Databases and reporting platforms have their structure and logic defined for them and embedded inside themselves. A computer needs to know how and what to show to a user. However, business intelligence deployments systematically suffer from a lack of documentation concerning their content (the meanings of terms, the origins and reliability of data and reports). Can or can't BI content documentation be generated from a reporting platform and underlying databases?

Detailed and easy-to-understand reporting documentation is the Holy Grail of any Business Intelligence owner but hard to achieve. Why should this be? Let's take a look at the stakeholders in the documentation process and their priorities:

Business users:

  • are fairly interested in creating documentation when defining their business requirements but not very detailed ones.

  • are very interested in consuming documentation, especially concerning regulatory reporting or when a number in a report turns red.

Technical users:

  • should be interested in creating documentation for life-cycle support, impact analyses and change management in general, however it's much faster to write a table and "create script" manually than model it properly. Documentation tasks are always the last in a project stream and time has usually run out when their turn comes  :(

  • are very interested in consuming documentation when supporting business users e.g. data origins, report justifications ...

As we can see, the real-life result is that some technical documentation is available, but it's not maintained, is out-of-date and there are virtually no business definitions whatsoever. "We need to do business and have no time to write definitions." Sounds familiar? ;). Where does that lead us in our search for the Holy Grail? Not very far.


The magic of reverse engineering

A lack of documentation leads sooner or later to problems:

  • a loss of trust in the system

  • the prohibitively high cost of making changes

  • the system becoming unsupportable

At this moment the search for a magic cure starts. The company starts to search for tools & services that can:

  • automatically load all data entities and reports into one place

  • automatically create mappings between sources and target tables/reports

  • manually document the meaning of entities within a fixed budget and time limit (consulting services)

And we're back where we started, searching for the Holy Grail. Or are we? Let's examine those points in a detail.


Data entities and reports

A modelling tool (e.g. PowerDesigner, Erwin ...) or a database engine provides a list of tables, columns and other structural information. To make this information useful you have to keep in mind that:

  • you need to publish the information in a searchable and easy to understand format

  • the table and column names might be clear to a database administrator, but will not be to a business analyst who sees them for the first time

  • there are no business definitions if no one wrote and entered them when the database was created - and you can bet that no one did!
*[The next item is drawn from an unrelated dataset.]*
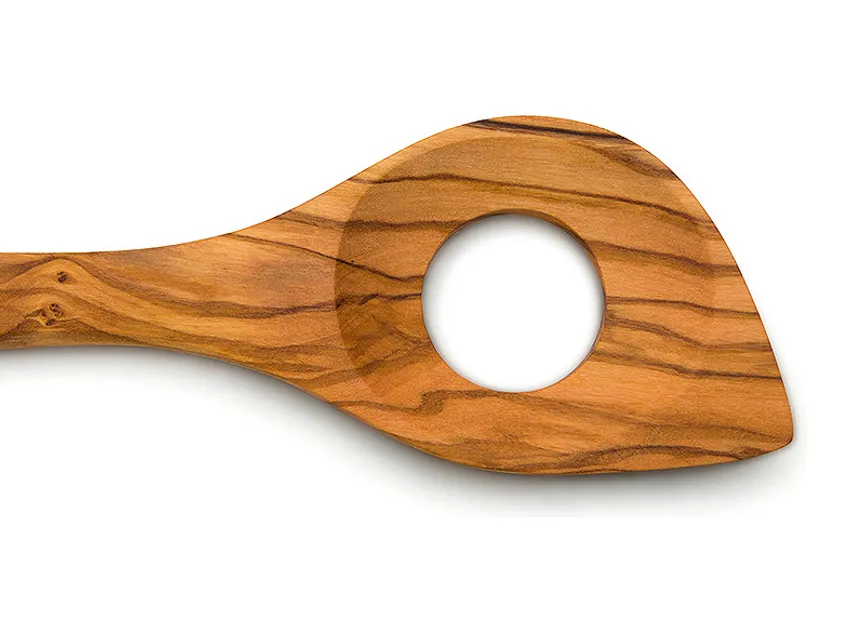 Kochlöffel m.Ecke u.Loch 30 cm detail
Extracting tables and a simple report list can kick-start your documentation campaign and bring the first tangible results, literally within days. However, you need to add at least two more attributes manually:

  • the owner of the model/report

  • a brief business description of each table/report

In our experience you can create an in-depth inventory of an existing datawarehouse or datamart and up-to 200 reports in 2-3 weeks. So, BI content documentation can be generated from a reporting platform and underlying databases then? Well, the devil, as they say, is in the details.


Source to target mappings

Data models tell us what is stored in a system. Data mappings or "ETL's"* tells us where the data comes from and where it's heading to. In theory ETL's should be modelled and executed by ETL engines. However, in reality it's different. Even when an ETL engine is used, some jobs are just too complex or too big and a manual script does the loading much faster and more efficiently. It's not easy and sometimes plain impossible to reverse engineer the data flow from the code. For example imagine an analytical CRM data mart where an extract from a core system is done by PL/SQL and then segmentation is done by SAS procedures. Why is the customer in the report flagged as a potential lead for this campaign? IMHO no automaton can answer this question in detail. An automaton can give you a hint that the information comes from this particular system and at best indicate from which tables, but even that information is not always available.

To sum it up: Data mappings are the most complex metadata you can come across, do not expect to have a 100% detailed lineage map of data origins. You need to find a balance between the level of detail needed and the investment required to obtain and maintain it. And to make matters a worse, it gets a little more complex:


Business definitions

Let's say that we have successfully completed the previous tasks and have a perfect model of the data structures, described in technical terms. The developers and administrators are happy, but what about the business people who have paid for the documentation project? The value of the technical metadata to business users is very limited. Technical documentation does not answer the question about the MEANING of the data. Business people want to understand what that number means and what should be done when it is lower than a boss wants it to be. Technical metadata can't answer that.

So does that mean the answer is no, we can't generate BI content documentation from a reporting platform? Actually it doesn't.

An external consultant can help to define the meaning of the data but when s/he leaves and new reports/tables are created or existing ones are changed there'll be problems. In fact, a one-off complete system documentation will be out-of-date the second the consultant leaves your office. However, what happens if you hire a coach who can teach you HOW to define the meaning of data and set up the practice of continually reporting documentation instead of making a one-time run at it. Would that do it? In our experience, yes. It's very similar to feeding a hungry village by a river. You don't give them fish, you teach them how to fish!!.



Getting reports documented takes a while - there is no "magic wand" solution. Nevertheless you can get started and have tangible results in weeks. So in answer to our question, I would argue that yes, BI content documentation can be generated from a reporting platform and its underlying databases. But there's a condition - it requires team work and the involvement of both the end users and the BI team in filling in the business definitions that can't be extracted from the technology.  As with any other undertaking, the hardest thing is getting started. So, after reading this blog I challenge you to take 5 minutes and write down the most commonly used terms in your reports. Tomorrow, take 5 minutes after your lunch-break to review the list and draft one term-definition. The day after take 5 minutes to ...


*extract, transform and load jobs